**WORK TO COMPLETE**
Pictures stay out; print the rest of the listing below exactly as it stands.

**TASK INPUT**
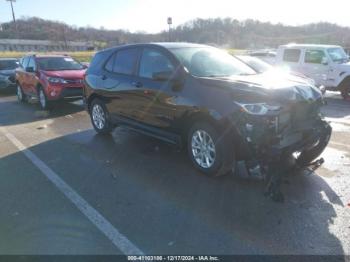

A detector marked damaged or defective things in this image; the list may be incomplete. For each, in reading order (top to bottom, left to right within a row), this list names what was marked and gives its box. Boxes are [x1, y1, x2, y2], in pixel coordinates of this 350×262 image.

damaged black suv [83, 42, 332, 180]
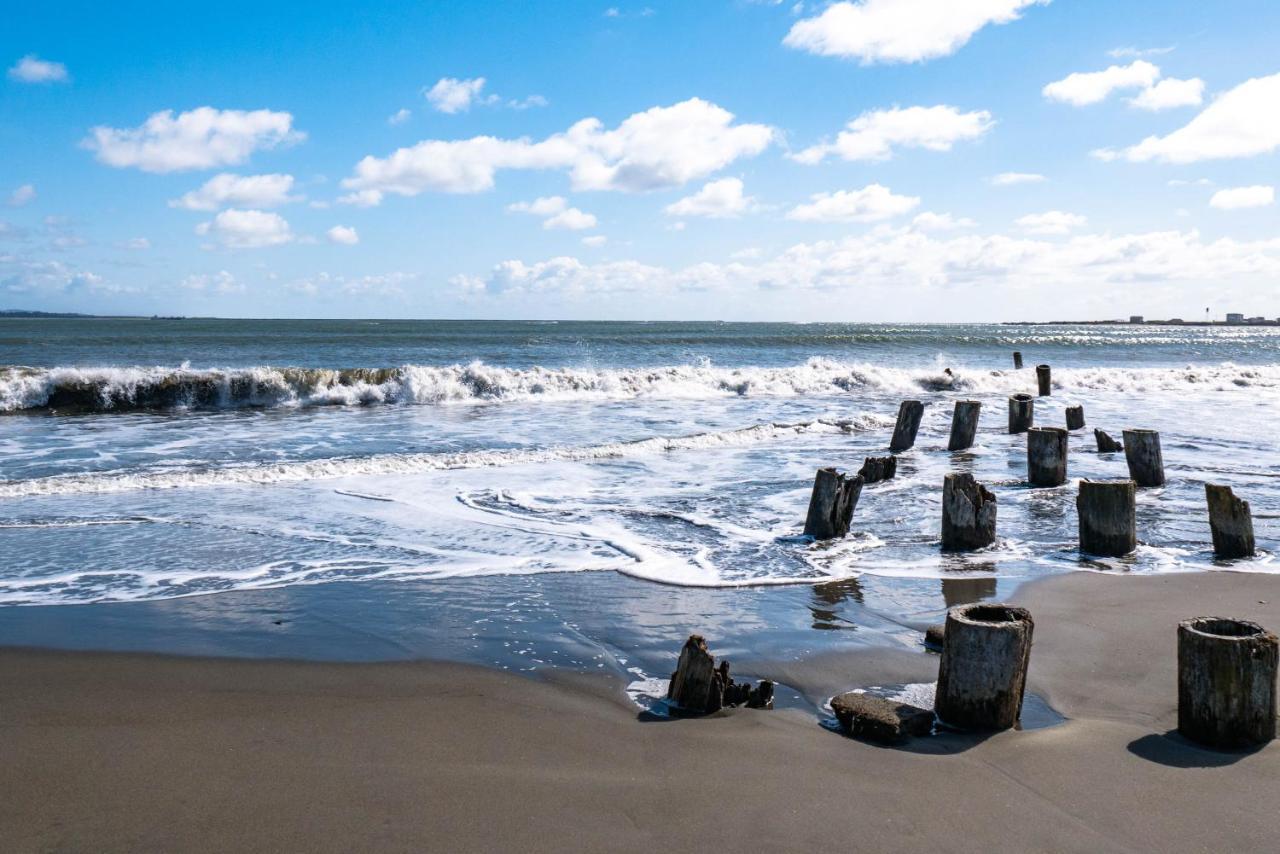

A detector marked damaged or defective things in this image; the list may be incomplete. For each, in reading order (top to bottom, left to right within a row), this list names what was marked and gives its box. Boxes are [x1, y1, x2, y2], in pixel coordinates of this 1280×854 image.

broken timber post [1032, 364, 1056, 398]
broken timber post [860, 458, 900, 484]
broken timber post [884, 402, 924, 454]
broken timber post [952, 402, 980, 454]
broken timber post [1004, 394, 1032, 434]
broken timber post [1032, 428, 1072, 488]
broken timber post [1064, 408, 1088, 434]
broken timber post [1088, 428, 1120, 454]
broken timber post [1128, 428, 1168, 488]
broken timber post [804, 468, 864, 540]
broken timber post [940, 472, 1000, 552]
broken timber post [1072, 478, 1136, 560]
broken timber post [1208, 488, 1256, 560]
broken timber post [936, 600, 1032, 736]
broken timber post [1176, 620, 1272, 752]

**ANSWER**
A detector marked damaged or defective things in this image; the list may be incomplete. For each, in reading order (top to bottom, left to right within a row), this list names what was marked and gives its box. Boxes are [x1, y1, x2, y2], in pixel coordinates of this 350×262 image.

damaged black suv [83, 42, 332, 180]

A detector marked damaged or defective things in this image; the list may be incomplete. For each, in reading order (top to bottom, left to right within a row), this list names what was marked and gives its box. Boxes are [x1, y1, x2, y2], in pixel coordinates of this 1280×854 image.

broken timber post [1032, 364, 1056, 398]
broken timber post [860, 458, 900, 484]
broken timber post [884, 402, 924, 454]
broken timber post [952, 402, 980, 454]
broken timber post [1004, 394, 1032, 434]
broken timber post [1032, 428, 1072, 488]
broken timber post [1064, 408, 1088, 434]
broken timber post [1088, 428, 1120, 454]
broken timber post [1128, 428, 1168, 488]
broken timber post [804, 468, 864, 540]
broken timber post [940, 472, 1000, 552]
broken timber post [1072, 478, 1136, 560]
broken timber post [1208, 488, 1256, 560]
broken timber post [936, 600, 1032, 736]
broken timber post [1176, 620, 1272, 752]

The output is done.